Wendelin Wiedeking: Der Anschnäuzer bei Porsche'
[Von ftd.de, 19:53, 31.03.04]

"Angst behindert das Denken", sagt Wendelin Wiedeking. In starken Sprüchen ist der Porsche-Chef gut. In seinem Job auch: Die Erfolgsgeschichte von Porsche ist zugleich die Erfolgsgeschichte des furchtlosen Mannes an der Spitze.

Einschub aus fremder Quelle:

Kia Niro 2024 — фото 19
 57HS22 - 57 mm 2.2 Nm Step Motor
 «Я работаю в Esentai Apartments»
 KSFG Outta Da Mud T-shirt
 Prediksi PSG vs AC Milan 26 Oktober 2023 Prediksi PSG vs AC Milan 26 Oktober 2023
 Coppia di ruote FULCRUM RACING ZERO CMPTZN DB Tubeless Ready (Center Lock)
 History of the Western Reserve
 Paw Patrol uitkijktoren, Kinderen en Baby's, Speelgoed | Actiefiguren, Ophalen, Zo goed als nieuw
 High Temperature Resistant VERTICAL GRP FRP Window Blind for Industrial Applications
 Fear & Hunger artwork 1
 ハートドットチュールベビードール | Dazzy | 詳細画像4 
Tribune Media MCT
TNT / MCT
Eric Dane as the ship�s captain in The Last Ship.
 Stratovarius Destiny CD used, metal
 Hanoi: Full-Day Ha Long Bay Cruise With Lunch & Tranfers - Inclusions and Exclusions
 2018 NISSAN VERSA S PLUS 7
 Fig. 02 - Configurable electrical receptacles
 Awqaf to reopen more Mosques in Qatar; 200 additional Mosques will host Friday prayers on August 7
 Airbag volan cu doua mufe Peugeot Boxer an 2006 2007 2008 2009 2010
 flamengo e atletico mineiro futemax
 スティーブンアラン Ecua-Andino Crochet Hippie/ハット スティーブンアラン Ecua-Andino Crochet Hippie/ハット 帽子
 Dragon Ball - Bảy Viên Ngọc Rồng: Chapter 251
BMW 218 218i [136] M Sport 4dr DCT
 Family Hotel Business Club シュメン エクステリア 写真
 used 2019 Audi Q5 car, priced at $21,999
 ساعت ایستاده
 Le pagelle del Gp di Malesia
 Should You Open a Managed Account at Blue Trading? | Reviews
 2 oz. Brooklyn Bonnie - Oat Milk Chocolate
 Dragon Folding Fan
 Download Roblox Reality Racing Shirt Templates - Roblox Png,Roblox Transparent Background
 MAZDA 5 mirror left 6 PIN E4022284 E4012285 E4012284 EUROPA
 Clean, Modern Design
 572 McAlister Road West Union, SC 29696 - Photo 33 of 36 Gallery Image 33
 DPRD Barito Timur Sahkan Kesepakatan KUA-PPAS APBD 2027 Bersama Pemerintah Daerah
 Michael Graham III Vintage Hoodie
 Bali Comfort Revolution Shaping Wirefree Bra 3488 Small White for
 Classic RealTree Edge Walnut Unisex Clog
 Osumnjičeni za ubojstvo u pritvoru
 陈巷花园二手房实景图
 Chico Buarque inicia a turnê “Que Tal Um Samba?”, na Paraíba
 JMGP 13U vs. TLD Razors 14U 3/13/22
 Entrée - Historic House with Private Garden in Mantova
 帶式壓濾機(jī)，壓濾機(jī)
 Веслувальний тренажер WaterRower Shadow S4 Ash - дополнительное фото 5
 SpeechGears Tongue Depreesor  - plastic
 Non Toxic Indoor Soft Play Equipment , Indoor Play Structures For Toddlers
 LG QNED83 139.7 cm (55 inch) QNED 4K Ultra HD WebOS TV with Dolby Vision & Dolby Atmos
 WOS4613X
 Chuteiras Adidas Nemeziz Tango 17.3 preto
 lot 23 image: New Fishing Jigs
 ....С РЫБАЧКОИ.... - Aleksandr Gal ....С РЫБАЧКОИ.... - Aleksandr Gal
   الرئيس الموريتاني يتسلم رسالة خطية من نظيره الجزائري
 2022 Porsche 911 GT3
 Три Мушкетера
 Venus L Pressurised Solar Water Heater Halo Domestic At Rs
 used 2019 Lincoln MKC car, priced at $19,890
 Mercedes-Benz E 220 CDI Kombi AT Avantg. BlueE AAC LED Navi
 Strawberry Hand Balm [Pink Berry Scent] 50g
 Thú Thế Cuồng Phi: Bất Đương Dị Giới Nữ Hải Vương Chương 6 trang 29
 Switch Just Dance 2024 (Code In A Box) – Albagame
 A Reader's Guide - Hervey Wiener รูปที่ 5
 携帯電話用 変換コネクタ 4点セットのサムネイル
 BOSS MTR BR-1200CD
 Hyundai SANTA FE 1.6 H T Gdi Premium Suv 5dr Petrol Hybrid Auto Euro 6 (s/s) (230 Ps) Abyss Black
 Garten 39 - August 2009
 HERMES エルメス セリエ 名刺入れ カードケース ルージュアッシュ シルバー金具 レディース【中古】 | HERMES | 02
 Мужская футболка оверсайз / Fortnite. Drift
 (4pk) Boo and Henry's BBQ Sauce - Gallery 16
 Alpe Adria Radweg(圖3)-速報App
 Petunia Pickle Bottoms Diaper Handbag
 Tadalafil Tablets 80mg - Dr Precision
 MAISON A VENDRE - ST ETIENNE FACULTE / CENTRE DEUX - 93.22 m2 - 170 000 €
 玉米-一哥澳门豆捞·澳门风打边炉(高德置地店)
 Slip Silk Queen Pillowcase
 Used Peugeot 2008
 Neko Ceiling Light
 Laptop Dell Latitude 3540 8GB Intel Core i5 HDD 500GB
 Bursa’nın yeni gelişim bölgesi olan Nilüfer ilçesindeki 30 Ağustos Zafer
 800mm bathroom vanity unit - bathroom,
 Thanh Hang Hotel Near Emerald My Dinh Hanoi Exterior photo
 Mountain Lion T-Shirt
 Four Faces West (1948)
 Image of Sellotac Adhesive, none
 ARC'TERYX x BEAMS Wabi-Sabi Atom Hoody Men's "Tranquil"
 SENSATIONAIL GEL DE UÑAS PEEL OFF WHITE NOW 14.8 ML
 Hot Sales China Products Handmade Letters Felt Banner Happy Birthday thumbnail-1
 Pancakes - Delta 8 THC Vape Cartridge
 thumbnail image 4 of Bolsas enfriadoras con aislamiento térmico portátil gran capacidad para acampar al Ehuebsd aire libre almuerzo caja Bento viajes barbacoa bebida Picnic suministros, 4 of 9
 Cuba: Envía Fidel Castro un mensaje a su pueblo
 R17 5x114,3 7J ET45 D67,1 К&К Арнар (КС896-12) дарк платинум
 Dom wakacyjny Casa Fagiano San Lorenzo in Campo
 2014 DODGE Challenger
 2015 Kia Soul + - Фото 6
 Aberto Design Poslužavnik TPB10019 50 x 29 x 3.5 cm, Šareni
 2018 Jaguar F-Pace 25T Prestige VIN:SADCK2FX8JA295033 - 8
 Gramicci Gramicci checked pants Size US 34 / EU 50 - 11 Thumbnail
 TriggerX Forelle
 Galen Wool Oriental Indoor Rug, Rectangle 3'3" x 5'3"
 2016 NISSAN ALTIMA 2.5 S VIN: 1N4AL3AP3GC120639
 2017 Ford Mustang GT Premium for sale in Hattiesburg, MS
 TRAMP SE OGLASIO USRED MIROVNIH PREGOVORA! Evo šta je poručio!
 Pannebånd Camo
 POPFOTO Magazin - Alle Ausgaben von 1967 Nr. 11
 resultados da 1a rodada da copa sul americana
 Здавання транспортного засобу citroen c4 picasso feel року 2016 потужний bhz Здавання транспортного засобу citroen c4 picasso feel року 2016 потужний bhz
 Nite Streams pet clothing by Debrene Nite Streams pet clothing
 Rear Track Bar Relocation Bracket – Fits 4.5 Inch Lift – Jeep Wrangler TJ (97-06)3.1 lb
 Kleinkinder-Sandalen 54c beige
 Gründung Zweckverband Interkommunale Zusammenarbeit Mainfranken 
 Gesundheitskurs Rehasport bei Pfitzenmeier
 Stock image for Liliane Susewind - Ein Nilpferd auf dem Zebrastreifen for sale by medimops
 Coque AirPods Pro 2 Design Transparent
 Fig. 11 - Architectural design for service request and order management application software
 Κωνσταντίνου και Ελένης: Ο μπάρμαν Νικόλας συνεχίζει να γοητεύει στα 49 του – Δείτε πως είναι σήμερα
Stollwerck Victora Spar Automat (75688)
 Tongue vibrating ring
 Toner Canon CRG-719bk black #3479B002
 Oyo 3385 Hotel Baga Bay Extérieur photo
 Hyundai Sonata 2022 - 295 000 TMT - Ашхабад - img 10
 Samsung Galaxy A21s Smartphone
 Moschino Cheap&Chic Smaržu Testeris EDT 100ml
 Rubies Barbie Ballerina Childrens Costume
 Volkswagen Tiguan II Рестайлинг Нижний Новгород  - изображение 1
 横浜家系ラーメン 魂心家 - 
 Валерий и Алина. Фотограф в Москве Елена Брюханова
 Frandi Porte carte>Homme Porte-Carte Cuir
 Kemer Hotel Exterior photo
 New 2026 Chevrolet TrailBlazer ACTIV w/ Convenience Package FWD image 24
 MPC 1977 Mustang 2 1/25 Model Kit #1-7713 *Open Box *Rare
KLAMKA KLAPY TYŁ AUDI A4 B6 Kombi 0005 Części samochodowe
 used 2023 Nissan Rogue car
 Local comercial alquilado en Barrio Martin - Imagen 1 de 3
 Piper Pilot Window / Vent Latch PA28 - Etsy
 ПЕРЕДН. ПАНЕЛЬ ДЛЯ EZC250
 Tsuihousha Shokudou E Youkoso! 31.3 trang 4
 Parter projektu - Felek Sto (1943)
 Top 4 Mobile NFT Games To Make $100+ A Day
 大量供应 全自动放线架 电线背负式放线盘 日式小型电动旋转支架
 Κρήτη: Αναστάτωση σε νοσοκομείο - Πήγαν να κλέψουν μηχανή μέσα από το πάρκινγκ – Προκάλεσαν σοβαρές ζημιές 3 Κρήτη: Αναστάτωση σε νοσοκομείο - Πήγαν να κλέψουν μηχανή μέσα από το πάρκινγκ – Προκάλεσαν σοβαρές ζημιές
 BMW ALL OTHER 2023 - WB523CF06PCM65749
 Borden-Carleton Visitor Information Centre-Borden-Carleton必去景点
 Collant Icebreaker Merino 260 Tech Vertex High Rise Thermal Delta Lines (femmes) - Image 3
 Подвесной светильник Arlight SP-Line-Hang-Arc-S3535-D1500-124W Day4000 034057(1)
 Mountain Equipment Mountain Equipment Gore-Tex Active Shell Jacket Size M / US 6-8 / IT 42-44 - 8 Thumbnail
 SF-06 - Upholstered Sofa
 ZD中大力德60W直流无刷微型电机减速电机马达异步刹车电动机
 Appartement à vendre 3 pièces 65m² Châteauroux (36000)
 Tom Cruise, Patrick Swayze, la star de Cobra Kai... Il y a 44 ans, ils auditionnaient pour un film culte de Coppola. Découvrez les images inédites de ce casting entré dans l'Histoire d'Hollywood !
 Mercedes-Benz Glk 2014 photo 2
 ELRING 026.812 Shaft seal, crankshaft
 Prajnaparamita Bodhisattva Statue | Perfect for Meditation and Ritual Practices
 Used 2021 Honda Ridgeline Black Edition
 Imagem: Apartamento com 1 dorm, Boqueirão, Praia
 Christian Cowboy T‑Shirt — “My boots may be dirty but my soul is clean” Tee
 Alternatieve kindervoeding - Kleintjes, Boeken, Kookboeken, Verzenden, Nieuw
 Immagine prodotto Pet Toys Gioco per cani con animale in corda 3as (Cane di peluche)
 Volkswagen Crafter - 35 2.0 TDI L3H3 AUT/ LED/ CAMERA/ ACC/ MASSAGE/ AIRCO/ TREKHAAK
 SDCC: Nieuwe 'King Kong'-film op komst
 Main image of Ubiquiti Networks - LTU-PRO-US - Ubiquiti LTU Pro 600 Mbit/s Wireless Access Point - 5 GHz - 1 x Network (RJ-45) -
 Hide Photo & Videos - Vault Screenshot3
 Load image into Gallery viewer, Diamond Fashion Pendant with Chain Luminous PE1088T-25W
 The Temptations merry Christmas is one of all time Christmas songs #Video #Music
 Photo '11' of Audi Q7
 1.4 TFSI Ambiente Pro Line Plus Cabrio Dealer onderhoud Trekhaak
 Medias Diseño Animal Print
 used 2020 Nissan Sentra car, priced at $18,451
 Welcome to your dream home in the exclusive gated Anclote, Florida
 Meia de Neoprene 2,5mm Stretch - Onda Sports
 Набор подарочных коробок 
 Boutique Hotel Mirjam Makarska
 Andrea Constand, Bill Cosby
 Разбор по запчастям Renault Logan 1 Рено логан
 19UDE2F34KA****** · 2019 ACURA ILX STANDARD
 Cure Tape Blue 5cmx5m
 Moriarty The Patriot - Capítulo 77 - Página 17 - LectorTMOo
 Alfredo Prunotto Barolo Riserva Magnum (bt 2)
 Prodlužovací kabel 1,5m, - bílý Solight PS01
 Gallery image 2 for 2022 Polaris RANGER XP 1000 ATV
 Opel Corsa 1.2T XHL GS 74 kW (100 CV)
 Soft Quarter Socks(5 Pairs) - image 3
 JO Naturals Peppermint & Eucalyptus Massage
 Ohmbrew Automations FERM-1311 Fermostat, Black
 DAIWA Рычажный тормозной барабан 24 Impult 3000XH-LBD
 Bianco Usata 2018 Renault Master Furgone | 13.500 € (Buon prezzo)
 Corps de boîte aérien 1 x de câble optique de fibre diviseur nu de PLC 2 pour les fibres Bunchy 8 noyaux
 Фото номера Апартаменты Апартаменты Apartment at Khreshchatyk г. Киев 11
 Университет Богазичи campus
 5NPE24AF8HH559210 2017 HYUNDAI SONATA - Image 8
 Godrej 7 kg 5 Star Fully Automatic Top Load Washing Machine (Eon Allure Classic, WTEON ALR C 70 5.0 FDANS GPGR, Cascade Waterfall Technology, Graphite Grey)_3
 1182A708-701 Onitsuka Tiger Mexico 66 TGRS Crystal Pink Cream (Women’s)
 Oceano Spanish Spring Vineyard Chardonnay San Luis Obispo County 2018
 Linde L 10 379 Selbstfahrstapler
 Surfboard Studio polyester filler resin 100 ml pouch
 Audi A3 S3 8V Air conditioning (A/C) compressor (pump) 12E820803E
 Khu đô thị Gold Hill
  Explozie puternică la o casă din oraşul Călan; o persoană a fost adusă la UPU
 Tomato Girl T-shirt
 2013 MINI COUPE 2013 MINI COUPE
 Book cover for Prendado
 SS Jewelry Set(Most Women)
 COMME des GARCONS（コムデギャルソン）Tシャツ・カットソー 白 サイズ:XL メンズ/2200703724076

Wer Wendelin Wiedeking ärgern möchte, mal sehen, wie ihm der Schnurrbart erstarrt, der muss einfach nur sagen: "Also, Herr Wiedeking, Ihr Vorschlag, der hat ja durchaus seine Reize, aber ich hätte da trotzdem meine Bedenken."
Einen Mitarbeiter, der einen solchen Satz sagt, könnte man tollkühn nennen, oder jobmüde. "Bedenkenträger muss man nach Hause schicken", poltert Wiedeking. "Sie machen alles kaputt. Angst behindert das Denken. Ich habe keine Angst. Nie."
Und damit man ihm das glaubt, erzählt er gerne eine Anekdote. Er ließ sich einmal im dicksten Nebel zu einem Rennen nach Le Mans fliegen. "Der Pilot wollte nicht landen. Ich: 'Wir müssen da runter!' Der Pilot: 'Nein!' Ich: 'Wir gehen da runter!' Sind wir auch. Tauchte vor uns eine Stromleitung aus dem Nebel auf. Haben wir einen kleinen Schwupser drüber gemacht. Aber wir waren pünktlich da: No risk, no fun."
Erst Risiko, dann Spaß - viel Spaß

So läuft Wiedekings Karriere: erst Risiko, dann Spaß - viel Spaß. Er hat Porsche vom Verlierer zum Gewinner gemacht. Noch vor einem Jahrzehnt galt Porsche als Zuhälter-Marke, Aktien-Desaster und Pleite-Kandidat. Heute ist er Promi-Stolz, Anleger-Glück und die profitabelste Autofirma der Welt.
Wiedeking hat dieser Erfolg das Bundesverdienstkreuz am Bande eingebracht, den Orden wider den tierischen Ernst und, seit fünf Jahren in Folge, den Sieg beim Wettbewerb "Excellence in Leadership", in dem Vorstandschefs ihren Besten küren.
Eine schöne Karriere für einen Mann, den die Presse bei seinem Start noch verspottete, er wirke wie der "Buchhalter einer Rollladenfirma". Das war 1992. Wiedeking war 40 Jahre alt und Günstling des mächtigen Ferdinand Piëch. Alle anderen in und um den Aufsichtsrat herum hatten ihre Zweifel: Dieser Grünschnabel soll die Firma wieder beleben? In den fünf Jahren zuvor hatte sich die Produktion halbiert, das Management musste einen Verlust von 240 Mio. DM verkünden.
Mut und Entschlusskraft beim Ausmisten

Die Horrorzahlen erleichtern Wiedekings Start: "Es war ja nichts in Ordnung. Kein einziger Bereich. Das war natürlich für eine Sanierung eine Steilvorlage", sagt er. "Da konnten wir richtig ausmisten."
Und wie er ausmistet! Er zeigt Mut und Entschlusskraft, holt sich Berater aus Japan ins Haus, krempelt die Fertigung um, siebt 700 der 1000 Lieferanten aus und vertreibt rund 3000 Mitarbeiter. "Anhand der Produktionszahlen können Sie leicht ausrechnen, wie viele Leute Sie nicht brauchen, das geht ohne Taschenrechner, mit einem Dreisatz."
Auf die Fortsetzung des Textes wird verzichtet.